Our findings around DSHS indicate that the sample agreed that DSHS were a useful method of service delivery. This is because of the majority of positive responses to questions such as “An online form showing me if I need to test for STIs is a good idea,” “I am happy to fill out an online form to direct me to appropriate sexual health services,” and “I find digital health services very useful.” However, responses for the item “Only doctors at the clinic can make me feel less anxious about my sexual health” were equally distributed among those who agreed, disagreed, and were neutral, while the majority of responses to items such as “I would always want to speak to someone about my sexual health” and “I always prefer to talk face-to-face about my sexual health” were also positive. These findings demonstrate that despite the acceptance of DSHS, participants show a strong preference for face-to-face interactions around sexual health. As such, future research should develop a screening questionnaire that will identify individuals who require face-to-face intervention.

Limitations

There are a few limitations to this study. First, data were collected before the COVID-19 pandemic, and hence participants’ responses may have changed since the pandemic forced SHS online. Second, the study adapted the MAAQ, a scale used to measure AIDS anxiety, to measure the level of anxiety toward STIs. As a result, the scale may not be an accurate measure of SHA owing to the difference between the way people think about HIV and STIs. Finally, there are some limitations around the external validity of the sample, such as its size and demographic representation of the wider population.
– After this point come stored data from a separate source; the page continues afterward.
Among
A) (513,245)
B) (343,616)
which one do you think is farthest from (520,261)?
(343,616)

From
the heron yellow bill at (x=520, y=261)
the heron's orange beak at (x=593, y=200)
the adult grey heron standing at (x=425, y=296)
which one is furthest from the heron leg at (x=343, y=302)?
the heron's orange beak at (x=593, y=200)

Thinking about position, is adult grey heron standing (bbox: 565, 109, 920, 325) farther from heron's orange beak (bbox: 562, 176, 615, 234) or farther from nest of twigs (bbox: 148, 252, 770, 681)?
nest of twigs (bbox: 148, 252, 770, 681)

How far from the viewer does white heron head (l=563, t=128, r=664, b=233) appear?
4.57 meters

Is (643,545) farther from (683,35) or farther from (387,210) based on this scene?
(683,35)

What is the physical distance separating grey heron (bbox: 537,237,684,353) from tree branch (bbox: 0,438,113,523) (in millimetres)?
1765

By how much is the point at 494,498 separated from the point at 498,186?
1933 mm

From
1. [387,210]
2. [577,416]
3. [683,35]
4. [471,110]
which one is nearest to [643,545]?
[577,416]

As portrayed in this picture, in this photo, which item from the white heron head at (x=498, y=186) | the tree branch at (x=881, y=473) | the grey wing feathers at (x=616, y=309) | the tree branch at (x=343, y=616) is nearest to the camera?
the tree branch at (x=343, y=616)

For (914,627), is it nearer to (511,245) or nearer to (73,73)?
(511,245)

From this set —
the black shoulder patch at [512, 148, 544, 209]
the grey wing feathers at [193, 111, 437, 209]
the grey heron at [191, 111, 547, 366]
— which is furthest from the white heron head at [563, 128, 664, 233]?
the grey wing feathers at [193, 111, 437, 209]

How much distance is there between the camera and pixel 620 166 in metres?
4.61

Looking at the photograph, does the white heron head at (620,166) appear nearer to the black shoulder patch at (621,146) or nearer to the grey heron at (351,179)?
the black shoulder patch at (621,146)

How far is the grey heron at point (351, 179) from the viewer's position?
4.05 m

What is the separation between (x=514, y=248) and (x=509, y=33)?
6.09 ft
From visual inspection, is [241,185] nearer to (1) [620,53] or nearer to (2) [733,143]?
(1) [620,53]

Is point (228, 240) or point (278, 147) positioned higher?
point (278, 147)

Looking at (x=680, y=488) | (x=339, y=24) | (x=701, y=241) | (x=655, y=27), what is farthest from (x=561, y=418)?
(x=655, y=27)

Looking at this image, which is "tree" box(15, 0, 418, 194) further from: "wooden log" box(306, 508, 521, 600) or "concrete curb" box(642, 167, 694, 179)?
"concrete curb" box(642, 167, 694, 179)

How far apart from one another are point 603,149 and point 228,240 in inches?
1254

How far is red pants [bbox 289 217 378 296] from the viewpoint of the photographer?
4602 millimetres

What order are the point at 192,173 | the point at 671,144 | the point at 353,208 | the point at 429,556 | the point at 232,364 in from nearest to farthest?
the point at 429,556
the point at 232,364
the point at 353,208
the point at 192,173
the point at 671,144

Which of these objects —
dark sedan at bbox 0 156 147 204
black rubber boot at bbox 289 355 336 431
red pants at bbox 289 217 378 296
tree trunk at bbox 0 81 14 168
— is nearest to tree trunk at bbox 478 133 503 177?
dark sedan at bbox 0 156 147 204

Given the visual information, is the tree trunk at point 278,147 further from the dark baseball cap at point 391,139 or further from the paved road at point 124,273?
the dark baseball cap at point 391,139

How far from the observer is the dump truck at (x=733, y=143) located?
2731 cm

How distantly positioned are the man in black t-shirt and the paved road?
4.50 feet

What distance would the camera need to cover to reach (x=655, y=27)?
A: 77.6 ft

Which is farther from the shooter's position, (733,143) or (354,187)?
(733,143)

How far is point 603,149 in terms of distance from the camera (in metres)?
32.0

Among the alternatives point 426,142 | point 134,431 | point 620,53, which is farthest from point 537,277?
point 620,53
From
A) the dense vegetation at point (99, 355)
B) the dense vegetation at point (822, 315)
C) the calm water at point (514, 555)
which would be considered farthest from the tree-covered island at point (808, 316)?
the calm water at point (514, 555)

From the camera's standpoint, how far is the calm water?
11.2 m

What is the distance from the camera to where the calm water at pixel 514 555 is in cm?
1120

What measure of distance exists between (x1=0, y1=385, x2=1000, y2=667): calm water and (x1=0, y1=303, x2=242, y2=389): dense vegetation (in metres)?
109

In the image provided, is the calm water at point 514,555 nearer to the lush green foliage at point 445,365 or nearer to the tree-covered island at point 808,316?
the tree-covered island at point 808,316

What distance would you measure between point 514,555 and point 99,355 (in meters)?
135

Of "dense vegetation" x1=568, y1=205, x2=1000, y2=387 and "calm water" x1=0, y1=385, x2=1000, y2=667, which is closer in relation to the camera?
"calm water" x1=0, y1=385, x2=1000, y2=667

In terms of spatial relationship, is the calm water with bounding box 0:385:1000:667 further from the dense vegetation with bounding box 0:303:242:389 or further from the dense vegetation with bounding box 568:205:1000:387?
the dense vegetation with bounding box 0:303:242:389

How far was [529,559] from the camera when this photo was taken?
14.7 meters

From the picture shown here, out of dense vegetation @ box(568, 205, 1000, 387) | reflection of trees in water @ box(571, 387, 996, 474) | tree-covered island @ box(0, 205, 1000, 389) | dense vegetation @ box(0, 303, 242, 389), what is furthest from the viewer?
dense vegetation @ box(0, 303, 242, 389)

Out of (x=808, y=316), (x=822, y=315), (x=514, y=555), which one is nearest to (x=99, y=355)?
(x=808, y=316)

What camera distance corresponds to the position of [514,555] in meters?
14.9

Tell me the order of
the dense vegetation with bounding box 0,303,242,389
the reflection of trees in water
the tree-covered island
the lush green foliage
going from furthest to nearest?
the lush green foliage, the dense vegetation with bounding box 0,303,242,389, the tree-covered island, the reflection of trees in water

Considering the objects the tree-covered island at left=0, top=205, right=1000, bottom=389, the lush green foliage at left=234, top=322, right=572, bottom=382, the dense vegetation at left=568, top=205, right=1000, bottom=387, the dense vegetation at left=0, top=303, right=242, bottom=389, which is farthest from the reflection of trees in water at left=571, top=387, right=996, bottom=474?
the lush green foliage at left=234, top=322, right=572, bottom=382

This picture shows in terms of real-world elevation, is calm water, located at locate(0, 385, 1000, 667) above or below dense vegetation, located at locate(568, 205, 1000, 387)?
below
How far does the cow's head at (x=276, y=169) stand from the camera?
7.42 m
Our sample was recruited via a self-referred internet-based survey on sexual health that was prone to low response rates as noted over the last few decades and may have attracted individuals who are invested in or already have existing beliefs of SHS. It is also possible that these individuals may have differing opinions when compared to clinical or general populations. Additionally, mean scores on each of the mental health measures were high compared to what is expected of the general population, further limiting the external validity of the sample. It is not clear whether these high scores reflect genuine problems experienced by participants, or whether they arise because scores derived from online questionnaires may appear elevated when compared to norms derived from paper-and-pencil questionnaires.
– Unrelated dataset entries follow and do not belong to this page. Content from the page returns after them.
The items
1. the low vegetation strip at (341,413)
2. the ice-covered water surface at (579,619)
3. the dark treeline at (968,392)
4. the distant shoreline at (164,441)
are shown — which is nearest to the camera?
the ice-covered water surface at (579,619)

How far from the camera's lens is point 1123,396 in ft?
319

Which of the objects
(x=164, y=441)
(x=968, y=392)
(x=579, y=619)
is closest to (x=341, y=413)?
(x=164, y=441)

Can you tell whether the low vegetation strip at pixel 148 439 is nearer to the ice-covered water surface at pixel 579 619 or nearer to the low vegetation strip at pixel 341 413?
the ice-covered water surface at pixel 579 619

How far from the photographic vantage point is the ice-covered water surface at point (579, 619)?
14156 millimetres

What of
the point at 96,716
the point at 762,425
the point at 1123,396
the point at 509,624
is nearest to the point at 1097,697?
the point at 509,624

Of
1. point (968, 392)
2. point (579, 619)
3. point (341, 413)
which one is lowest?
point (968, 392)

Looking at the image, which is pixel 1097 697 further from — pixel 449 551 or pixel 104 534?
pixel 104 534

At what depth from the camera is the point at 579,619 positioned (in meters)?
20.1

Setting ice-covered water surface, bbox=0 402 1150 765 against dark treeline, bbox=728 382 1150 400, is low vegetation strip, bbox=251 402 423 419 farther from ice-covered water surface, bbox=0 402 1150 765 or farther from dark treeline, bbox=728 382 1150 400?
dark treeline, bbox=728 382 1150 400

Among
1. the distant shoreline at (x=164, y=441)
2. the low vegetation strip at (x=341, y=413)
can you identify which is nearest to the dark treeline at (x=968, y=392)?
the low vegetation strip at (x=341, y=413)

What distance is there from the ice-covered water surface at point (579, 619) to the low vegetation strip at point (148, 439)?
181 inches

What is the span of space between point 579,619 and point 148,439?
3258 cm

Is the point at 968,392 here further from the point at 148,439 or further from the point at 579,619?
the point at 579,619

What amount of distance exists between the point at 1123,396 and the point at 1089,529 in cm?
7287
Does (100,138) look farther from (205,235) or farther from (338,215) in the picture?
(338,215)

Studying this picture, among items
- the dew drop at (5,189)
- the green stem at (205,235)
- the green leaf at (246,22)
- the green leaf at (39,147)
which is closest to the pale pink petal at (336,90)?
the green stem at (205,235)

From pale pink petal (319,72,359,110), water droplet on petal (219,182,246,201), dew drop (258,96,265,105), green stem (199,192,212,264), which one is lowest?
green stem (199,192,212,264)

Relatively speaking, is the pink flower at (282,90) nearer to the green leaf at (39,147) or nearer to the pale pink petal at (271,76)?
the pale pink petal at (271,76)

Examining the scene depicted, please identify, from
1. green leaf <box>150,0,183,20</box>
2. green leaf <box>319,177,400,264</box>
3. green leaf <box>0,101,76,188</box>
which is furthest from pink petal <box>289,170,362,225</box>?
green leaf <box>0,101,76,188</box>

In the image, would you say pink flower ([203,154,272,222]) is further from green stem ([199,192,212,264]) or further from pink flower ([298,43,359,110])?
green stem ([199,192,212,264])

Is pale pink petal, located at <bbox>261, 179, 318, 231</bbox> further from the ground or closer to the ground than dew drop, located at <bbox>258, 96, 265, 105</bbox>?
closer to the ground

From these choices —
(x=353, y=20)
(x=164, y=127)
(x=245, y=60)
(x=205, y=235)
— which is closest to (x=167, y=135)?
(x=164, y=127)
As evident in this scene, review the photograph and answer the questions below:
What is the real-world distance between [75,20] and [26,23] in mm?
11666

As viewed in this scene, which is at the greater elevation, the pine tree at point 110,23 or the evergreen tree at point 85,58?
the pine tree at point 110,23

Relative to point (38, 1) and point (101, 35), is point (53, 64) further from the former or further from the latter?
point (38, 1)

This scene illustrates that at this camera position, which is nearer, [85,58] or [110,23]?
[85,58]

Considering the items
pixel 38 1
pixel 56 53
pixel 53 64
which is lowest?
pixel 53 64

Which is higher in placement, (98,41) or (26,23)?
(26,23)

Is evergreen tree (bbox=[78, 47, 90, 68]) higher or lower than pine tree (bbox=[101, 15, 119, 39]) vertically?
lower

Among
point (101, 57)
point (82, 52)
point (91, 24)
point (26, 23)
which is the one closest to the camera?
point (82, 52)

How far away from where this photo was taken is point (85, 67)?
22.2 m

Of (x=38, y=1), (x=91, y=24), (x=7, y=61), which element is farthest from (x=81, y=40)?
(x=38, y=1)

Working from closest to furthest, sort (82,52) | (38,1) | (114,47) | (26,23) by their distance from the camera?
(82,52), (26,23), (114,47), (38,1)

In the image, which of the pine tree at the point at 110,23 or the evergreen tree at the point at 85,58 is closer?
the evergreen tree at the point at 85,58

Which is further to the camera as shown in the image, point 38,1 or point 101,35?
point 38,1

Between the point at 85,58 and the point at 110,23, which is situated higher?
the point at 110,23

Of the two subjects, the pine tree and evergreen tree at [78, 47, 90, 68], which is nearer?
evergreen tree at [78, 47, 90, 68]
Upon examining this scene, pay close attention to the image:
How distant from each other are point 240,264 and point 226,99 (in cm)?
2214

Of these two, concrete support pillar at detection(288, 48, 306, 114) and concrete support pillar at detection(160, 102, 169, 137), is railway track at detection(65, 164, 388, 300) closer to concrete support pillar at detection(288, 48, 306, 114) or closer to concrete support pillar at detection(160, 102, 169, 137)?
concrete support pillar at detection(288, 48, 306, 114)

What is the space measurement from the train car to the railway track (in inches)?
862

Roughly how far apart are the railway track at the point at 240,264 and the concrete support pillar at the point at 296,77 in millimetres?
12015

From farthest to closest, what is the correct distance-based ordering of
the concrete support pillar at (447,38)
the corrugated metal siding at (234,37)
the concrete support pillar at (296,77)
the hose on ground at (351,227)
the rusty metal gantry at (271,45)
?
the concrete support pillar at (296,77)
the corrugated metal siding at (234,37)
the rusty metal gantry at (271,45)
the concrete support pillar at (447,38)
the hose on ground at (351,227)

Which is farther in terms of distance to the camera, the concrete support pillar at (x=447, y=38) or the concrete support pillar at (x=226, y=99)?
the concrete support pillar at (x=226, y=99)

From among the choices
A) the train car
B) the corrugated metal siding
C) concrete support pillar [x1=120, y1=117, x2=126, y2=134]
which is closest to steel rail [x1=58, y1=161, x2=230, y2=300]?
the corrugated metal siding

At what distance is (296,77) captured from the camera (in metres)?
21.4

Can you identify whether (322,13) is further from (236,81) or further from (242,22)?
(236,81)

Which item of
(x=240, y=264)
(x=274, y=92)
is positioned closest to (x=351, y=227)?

In conclusion, SHA was predicted by participants’ STI risk perceptions and higher frequencies of OCB. There was some overlap between the predictors of subtypes of SHA, but further research is needed. Despite mild levels of SHA in the sample, the acceptance of DSHS was high; however, preferences for SHS leaned heavily toward face-to-face and in-person interactions.
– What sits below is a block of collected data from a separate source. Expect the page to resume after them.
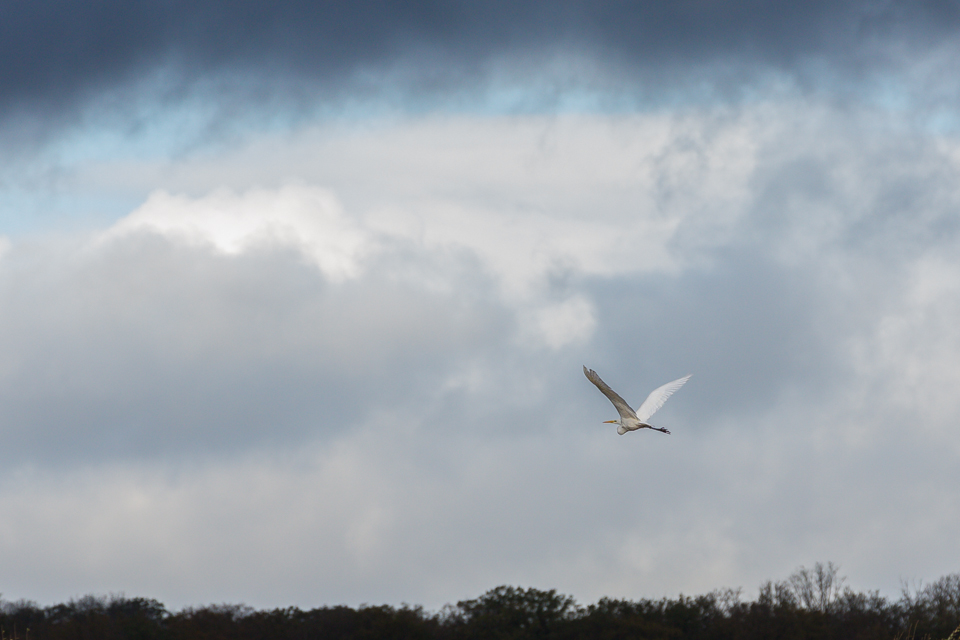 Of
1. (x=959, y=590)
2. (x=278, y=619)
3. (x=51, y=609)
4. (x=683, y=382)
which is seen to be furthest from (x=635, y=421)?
(x=51, y=609)

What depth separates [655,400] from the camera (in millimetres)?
31688

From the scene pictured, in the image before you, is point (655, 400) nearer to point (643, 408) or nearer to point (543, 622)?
point (643, 408)

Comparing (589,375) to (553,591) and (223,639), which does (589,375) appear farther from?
(223,639)

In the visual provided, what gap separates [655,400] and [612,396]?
2043 mm

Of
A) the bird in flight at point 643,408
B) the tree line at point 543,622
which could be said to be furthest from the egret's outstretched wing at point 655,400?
the tree line at point 543,622

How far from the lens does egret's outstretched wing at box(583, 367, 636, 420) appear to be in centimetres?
2856

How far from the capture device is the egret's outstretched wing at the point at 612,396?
28562 millimetres

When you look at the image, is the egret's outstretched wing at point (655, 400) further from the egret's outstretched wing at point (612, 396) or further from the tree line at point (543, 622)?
the tree line at point (543, 622)

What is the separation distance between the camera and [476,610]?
267 ft

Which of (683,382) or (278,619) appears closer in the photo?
(683,382)

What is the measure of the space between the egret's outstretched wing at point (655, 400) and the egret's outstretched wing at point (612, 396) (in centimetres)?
27

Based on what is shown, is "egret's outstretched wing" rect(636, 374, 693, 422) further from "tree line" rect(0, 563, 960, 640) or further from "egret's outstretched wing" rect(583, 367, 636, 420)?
"tree line" rect(0, 563, 960, 640)

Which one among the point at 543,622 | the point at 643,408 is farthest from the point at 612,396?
the point at 543,622

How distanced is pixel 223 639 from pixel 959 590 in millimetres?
60519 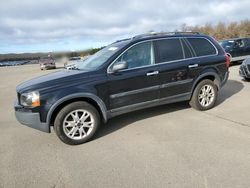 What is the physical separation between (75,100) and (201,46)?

Declaration of Conflicting Interests The authors declared no potential conflicts of interest with respect to the research, authorship and/or publication of this article.

Ethical Approval Ethical approval for the study was obtained from the University of Westminster Ethics Committee.

Funding The authors received no financial support for the research, authorship and/or publication of this article.

Informed Consent The participants have consented to the submission of the article to the journal.